I cannot help but think they are aghast. “Who on earth will pay money for bottles of water?!”
This would likely be followed by a firm belief that I am an idiot and all their hard work to bring our family to the new world was for naught. That is fair.
I grew up in the 1970s and ‘80s and all I can think is that we must have been the most dehydrated people on the planet. The entire country was dry. Not as in nonalcoholic. Heaven’s no. In my memory, they drank beer like fish. Assuming fish drink? I don’t quite know where that saying came from. No, we just didn’t drink water. Ever.
On any given day, I had whatever milk was left in the bottom of my cereal bowl after I finished my Cap’n Crunch. Lunch was one of those little milk cartons of chocolate milk. What was that, maybe six ounces?
Afternoon recess might have included a stop by the communal water fountain in the hall. You didn’t get much to drink when you had thirty kids jostling you. “Hurry UP.”
After school, you might have a Popsicle, or not. Then you had milk or water or if you had a really cool parent (or a babysitter) a Pepsi. There was probably less than 20 ounces of liquid all day long and no more than a sip of it was actual water.
Adults never drank water. They drank coffee, iced tea, maybe milk or soda, and parties were alcohol, soda and party punch. Even on track and field days, we didn’t have bottled water. I remember those huge coolers from McDonald’s filled with a sugary orange drink. No one had water bottles at school.
I didn’t spend a lot of time in fancy restaurants, but from my few childhood forays to the Brown Derby (swanky!) I don’t recall water with lemon being served as a matter of course the moment we sat down. I don’t recall anyone willingly drinking water beyond a little four ounce paper cup of water with some pills.
We just didn’t know then what we know now. We still thought we were so smart.
Of course, all of us of “a certain age” had at least one teacher who warned us against relying on calculators and wanted us to work everything out by hand if we could.
“You’re not always just going to have a calculator in your pocket.”
They got that one very wrong. Not only does my mobile phone have a calculator built right in, but Siri, or Google, will simply TELL me that answer. I’m sure I am dumber for it, but it sure is handy.
I can remember watching Star Trek reruns and thinking how cool it would be to have communicators, tablet computers, translators and video calls. Today most of us have a device that does all of these things right in our purse or pocket.
Of course, now, if I need to figure out the square footage of wood floor finish, for example, I pull out my phone to calculate. Then I also return a text, check my email, look at the headlines and browse Pinterest for more ideas. Thus, I managed to make a task that should have lasted mere seconds take a good 20 minutes or more. That’s if I even remember why I pulled out the phone in the first place.

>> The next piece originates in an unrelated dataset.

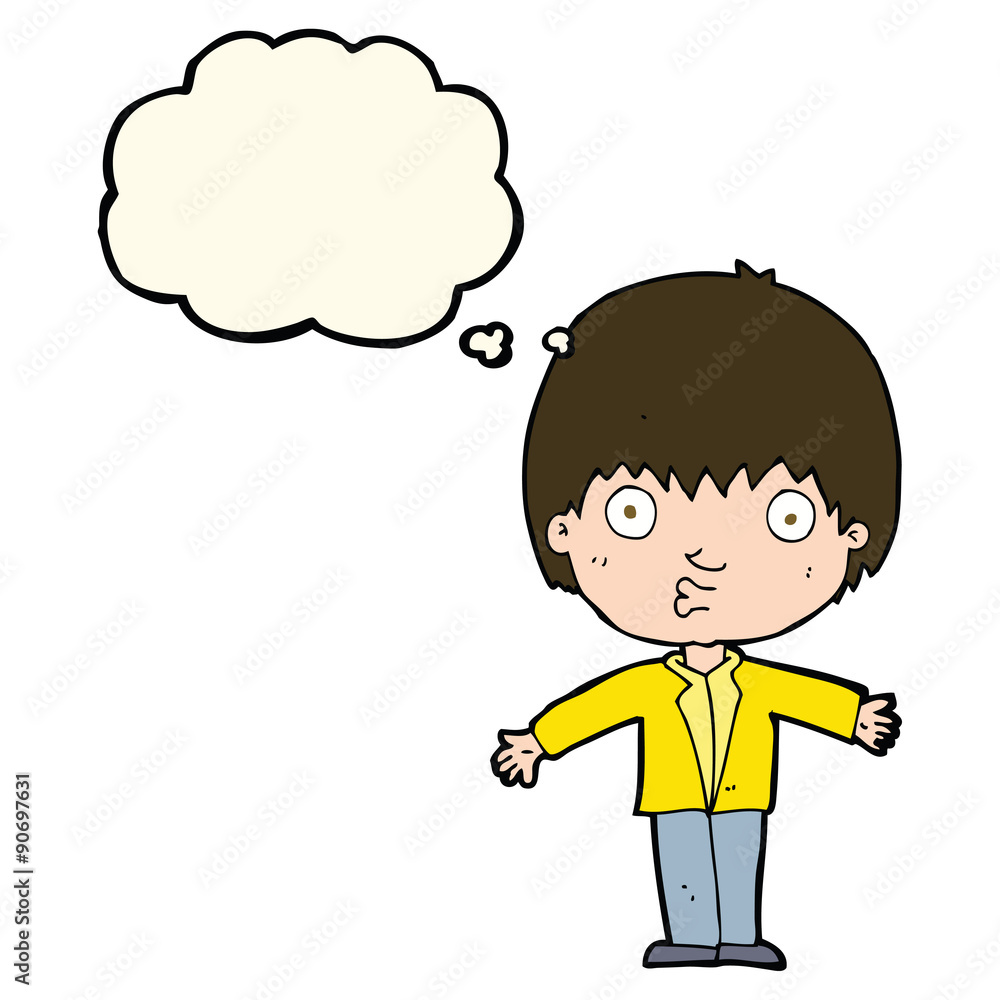 cartoon amazed boy with thought bubble cartoon amazed boy with thought bubble
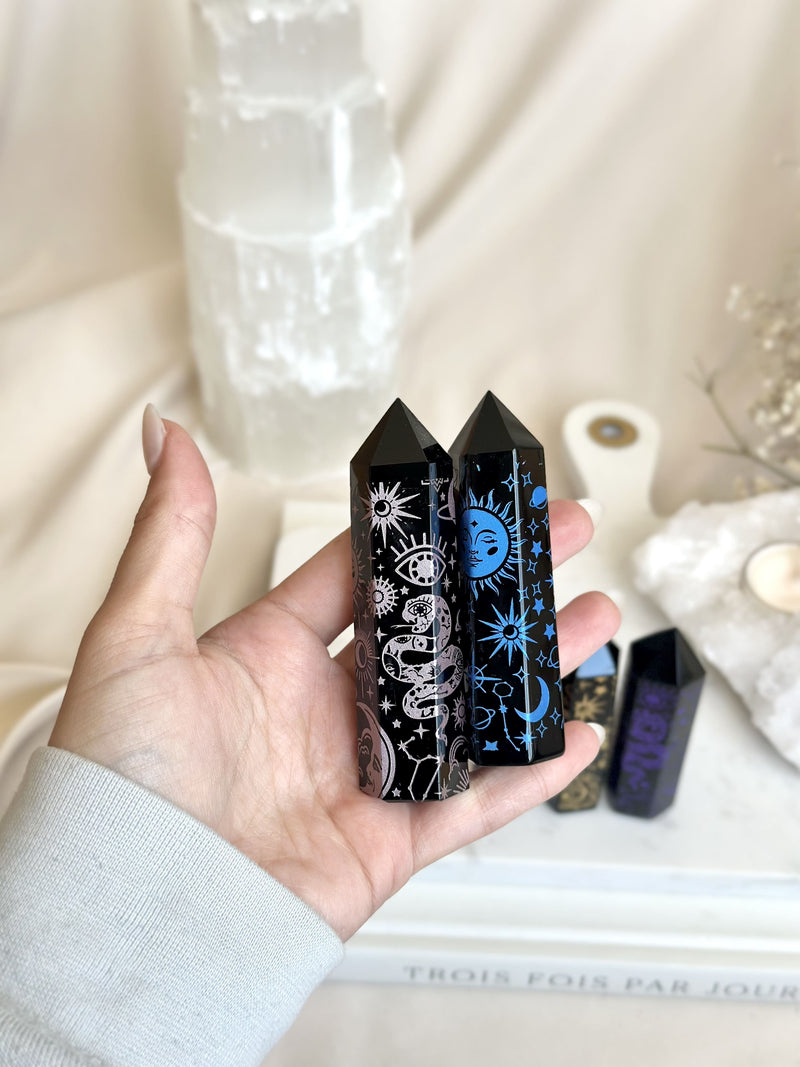 Tour | Obsidienne | Gravure mystique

I have said for YEARS and continue to belabor the fact that there are no flying cars — yet. I mean, the self-driving cars seem pretty out there, and kind of iffy. I suppose it makes perfect sense that we aren’t willing to go airborne yet.

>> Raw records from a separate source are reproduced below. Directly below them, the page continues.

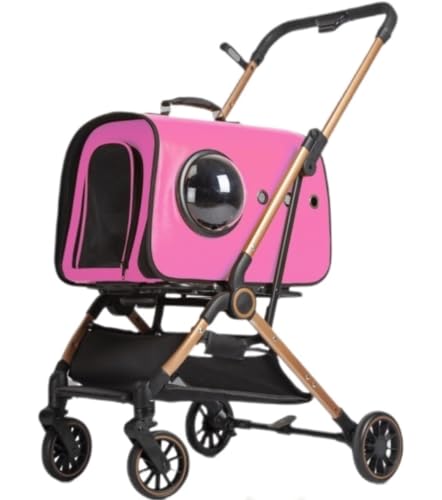 TOTIKI Carrito Mascotas Cochecito De Viaje Plegable para Mascotas, Cochecitos para Perros 4 Ruedas con Transportador Desmontable para Pequeños Y Medianos Accesorios(Pink)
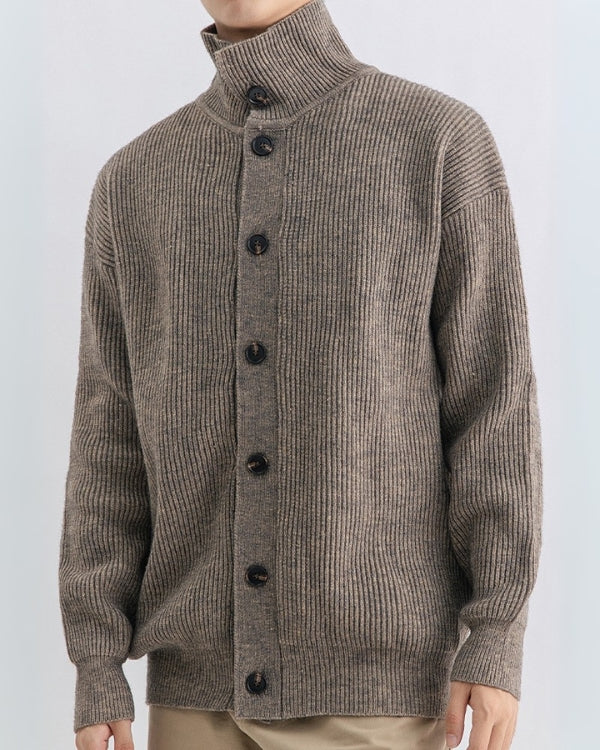Ribbed High-Neck Button Cardigan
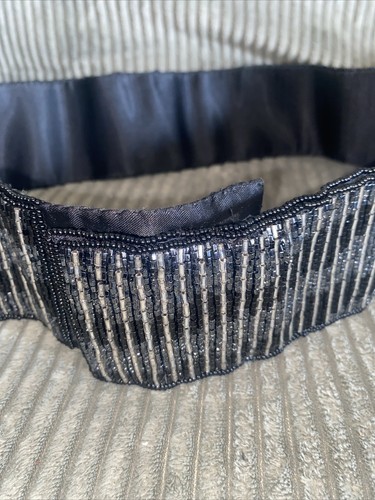 Cinturón La Regale Vintage Hecho a Mano Negro Gris Plateado - Imagen 2 de 8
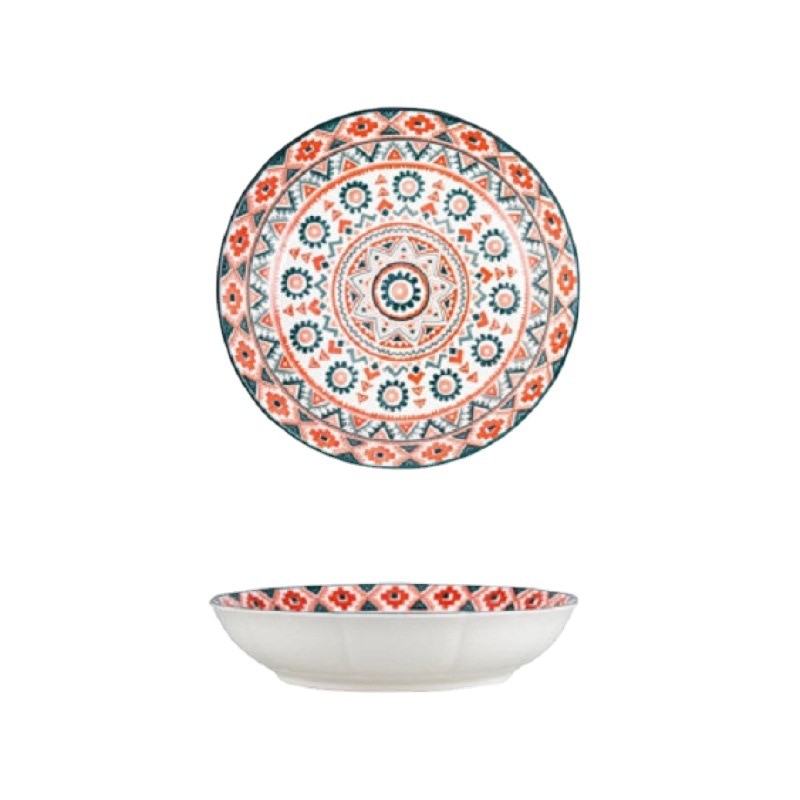 Platos bohemios de hueso de China, vajilla japonesa, juegos de platos para servir, platos de flores, juego de cena, comida, cocina moderna, comedor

Going back even further, I recall my grandparents pointing out that in the old Dick Tracy comics, the police would talk to each other on a “two-way wrist radio.” They thought the way we talked on phones held in our hands seemed reminiscent of that. Now we have smart watches for that. They can also monitor diet, exercise and weight, so it’s a little like having your own mini-patrol partner on your wrist at all times. It can also remind us to drink more water, so we’ve really come full circle on that.